I continued to rub her back, at first like a back rub, strong powerful hands trying to make her putty in my hands and it worked. As she just leaned and sighed, I continued with my hands moving over her soapy body, turning them into carcass's slowly but surely. One moment, my hand would slide down the middle of her back; the next moment, I would slowly slide my hand over the delicious curves of her derriere for just the briefest moment before I slid my hands back around her to cup her breasts once more. As she arched her back and pushed back to me, I could feel myself almost entering her. God, not yet, it's too early, I remember thinking and with that, I moved my hands once more down her back, around the swell of her buttocks and into the heat of her thighs, She slowly parted her legs and the wetness and heat only served to excite me more. My fingers slowly stroked her clit and I could feel one, no two, quick shudders before she pulled away and said, hold on big fella, hold on and once again my lover sunk to her knees in front of me.
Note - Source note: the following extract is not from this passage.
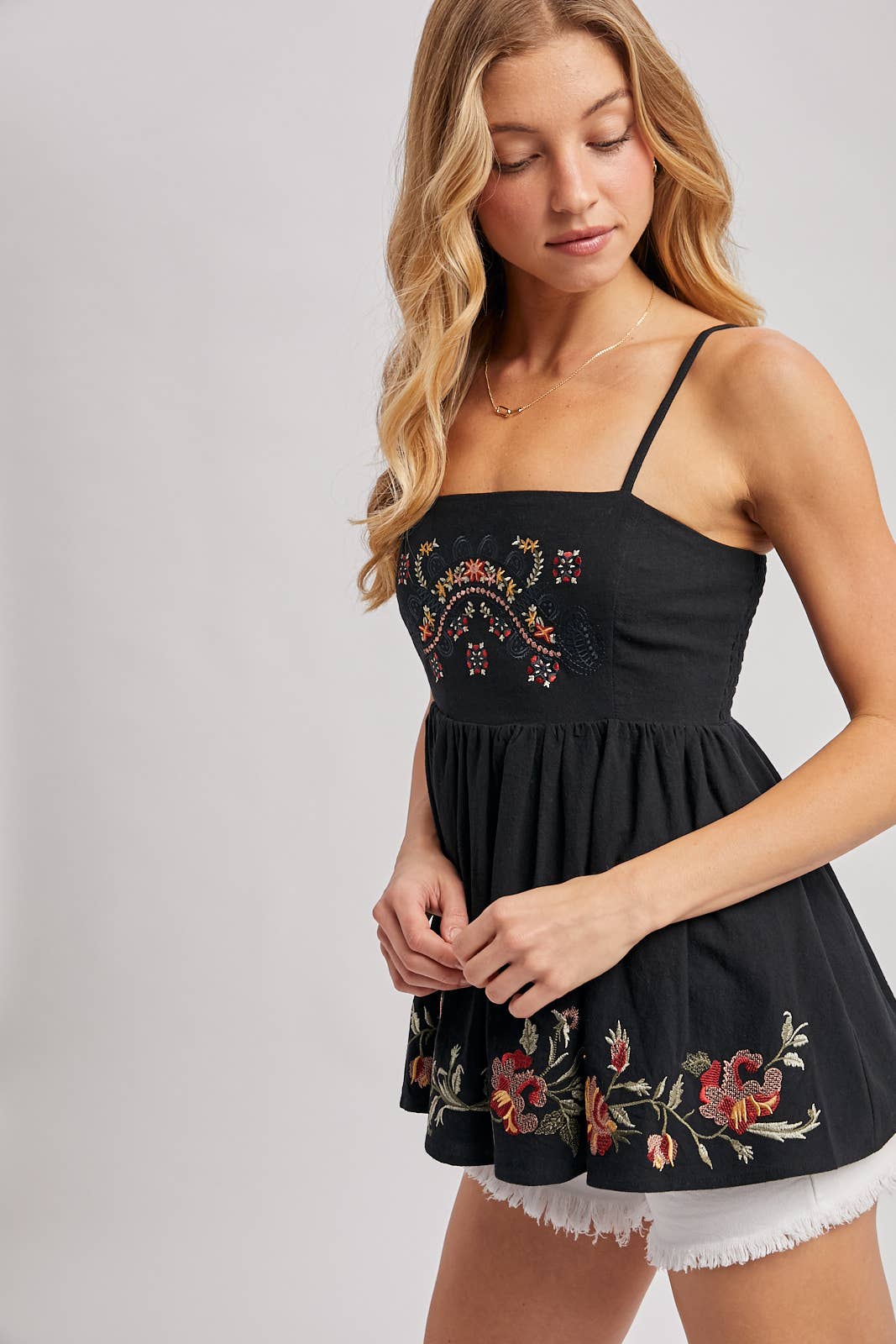 Bluivy - FLORAL EMBROIDERED SLEEVELESS PEPLUM TOP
Do you know what a 52 year old man can have in common with his past teenage years? Premature ejaculation! I should have counted sheep or something! I could have pulled away but all it took was three, count them three, of the best seconds of my life and I had come. And to her credit, she just swallowed and continued to suckle my dwindling member until she had finished with me. I was happy and I was embarrassed but before I could say anything, she simply smiled at me and whispered "I was hoping to do that for you, my lover" and that shut me up right there and then.
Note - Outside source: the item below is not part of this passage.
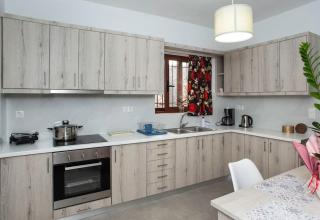 Kalliston City House with a Yard - 5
Well, let me put it this way, I knew tonight that it wasn't a question of which bed we were going to share, it was more a case of which one wouldn't have broken springs in the morning. Shutting off the water and getting towels was a matter of seconds and at least, I make sure that she got the biggest fluffiest towel for herself. Wrapping the towel around her, we exited the steamy environment of the shower and went into our suite.
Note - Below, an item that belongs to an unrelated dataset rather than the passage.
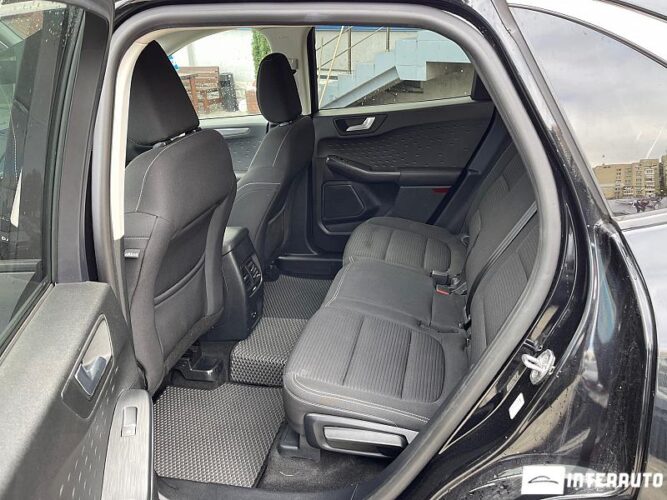 Ford Kuga 45 interauto-car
In the interval, the sun had almost disappeared form the sky and the lights of the city blinked off and on like Christmas lights. As we stood there, our bath robed figures reflecting back into the window, I tried to say that this was the reason I had tried to say "stop" at the airport. I knew that we would end up making love if we touched and I was ....The last words I heard from my love was "Shut up, you dummy and kiss me, I love you and want you and you know you feel the same" and with those words, we started to kiss once more. Same as when we were 16 and the same as now again.